O policial cinegrafista começa então a 'entrevistar' o garoto:


- Você é de onde hein?

- Da Fazenda Grande II, senhor, sussurra.

- Mora lá há muito tempo?

(Não deu para ouvir a resposta)

- Quem fez isso com você, ô menino?

- (tosse) Não sei não senhor!

As pessoas continuam cochichando em volta:

- vai morrer!

- Cadê o Samu, gente!?

- Ai meu Deus, pensei que fosse o Marquinhos!

- Nossa, quando ouvi o tiro saí correndo, mas não vi nada além do povo cercando o garoto.

- Ele veio daquele beco ali.

- É droga! Pois é, minha filha, deveu e não pagou, o tráfico cobra!

Dez e quinze e não é possível extrair muita coisa da situação. O policial continuava seu documentário particular. O povo a vomitar conjecturas acerca do ocorrido. Nada concreto.
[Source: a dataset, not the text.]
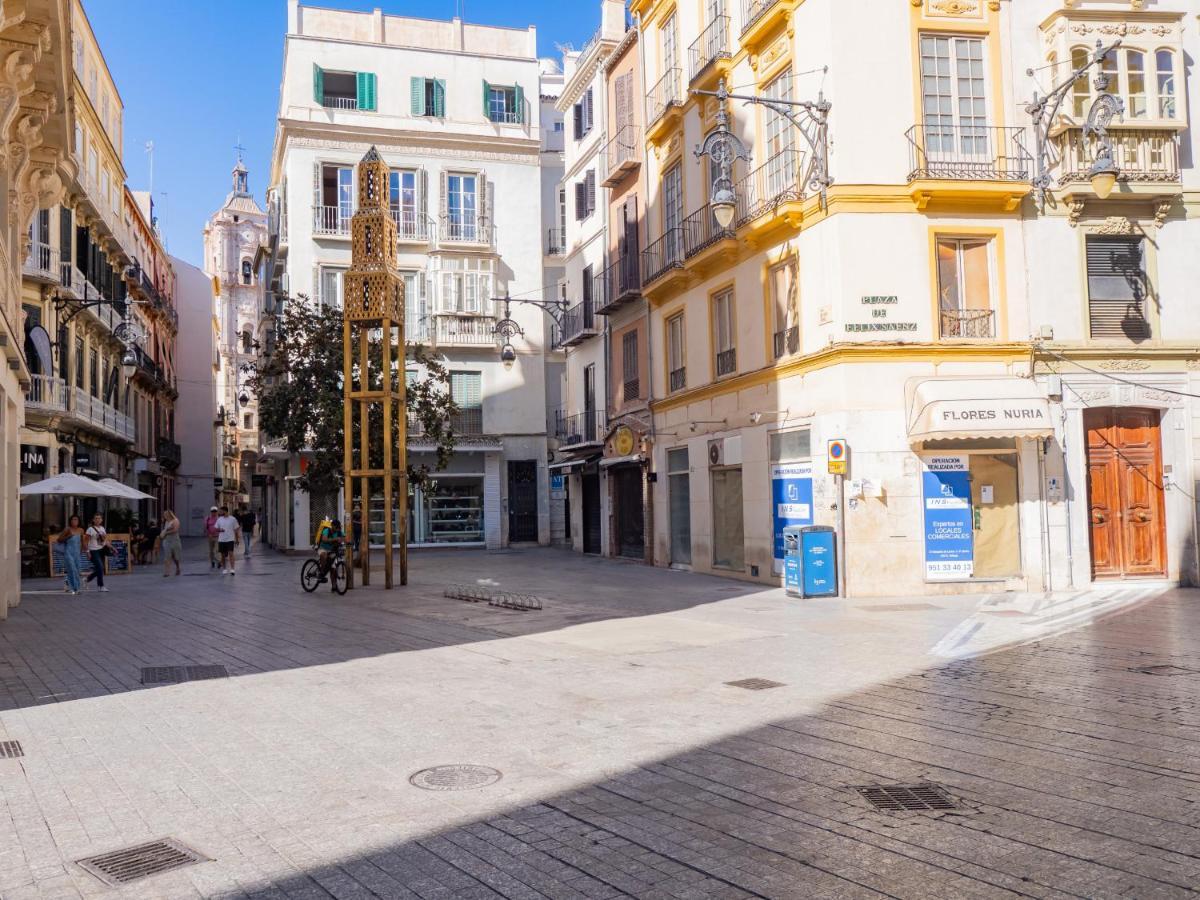 Cubo'S Apartamento Atocha With Optional Parking Μάλαγα Εξωτερικό φωτογραφία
Fato mesmo só o adolescente estendido, peito num sobe-e-desce convulsivo, esperando socorro enquanto quem deveria dar o primeiro auxílio brincava de videomaker.
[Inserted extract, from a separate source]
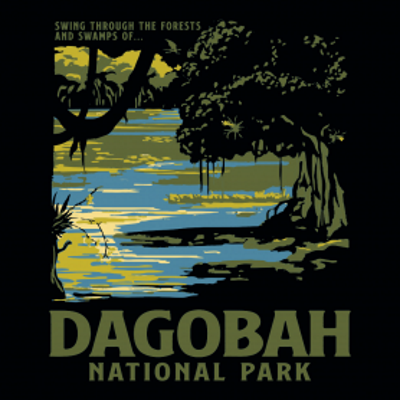 (image for) Dagobah National Park T-Shirt - Click Image to Close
Já a certa distância, falta estomago [talvez coragem, não foi excesso de autopreservação] para retornar e esperar o desfecho ao lado da 'torcida', ou, no mínimo, anotar a placa do carro da PM, que, em vez de tomar uma providencia com o mínimo de humanidade esperada preferiu seguir o ‘procedimento' ligando para o serviço de ambulância popular de emergência.
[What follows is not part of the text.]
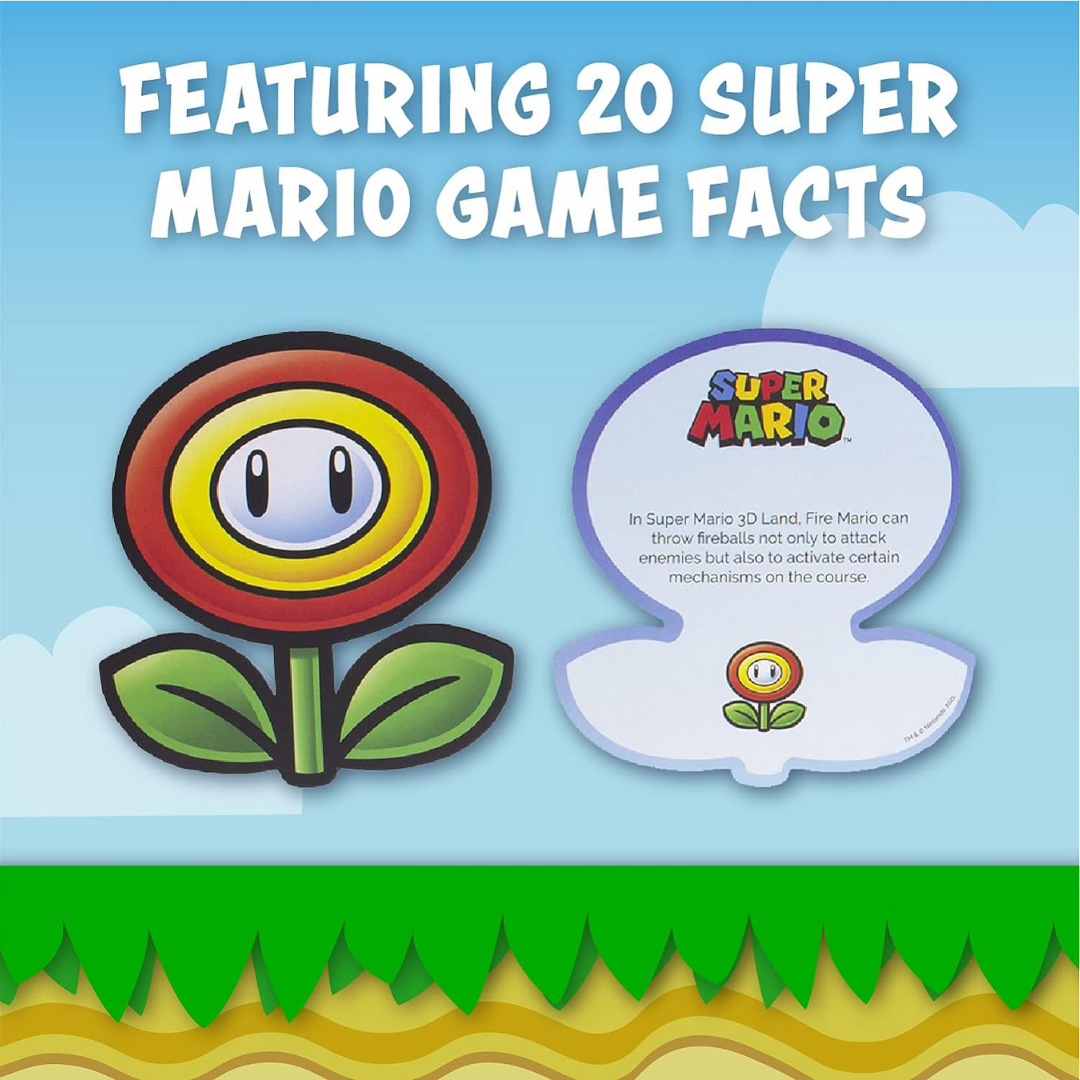 Paladone Super Mario Fun Fact Coasters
As pessoas vão ficando menores, o burburinho mais distante até que mais um omisso enfia a chave no portão de casa, entra, tranca todas as fechaduras, se enfia embaixo do chuveiro, depois das cobertas, e dorme (ao menos tenta) esperando nunca entrar no seleto time de jovens negros da periferia que, culpados ou não, mal conseguem chegar com vida ao portão de casa para contar histórias como essa: sem desfecho, cheia de dúvidas, mas com uma única certeza: o fundo do poço ainda é mais distante do que se pensa!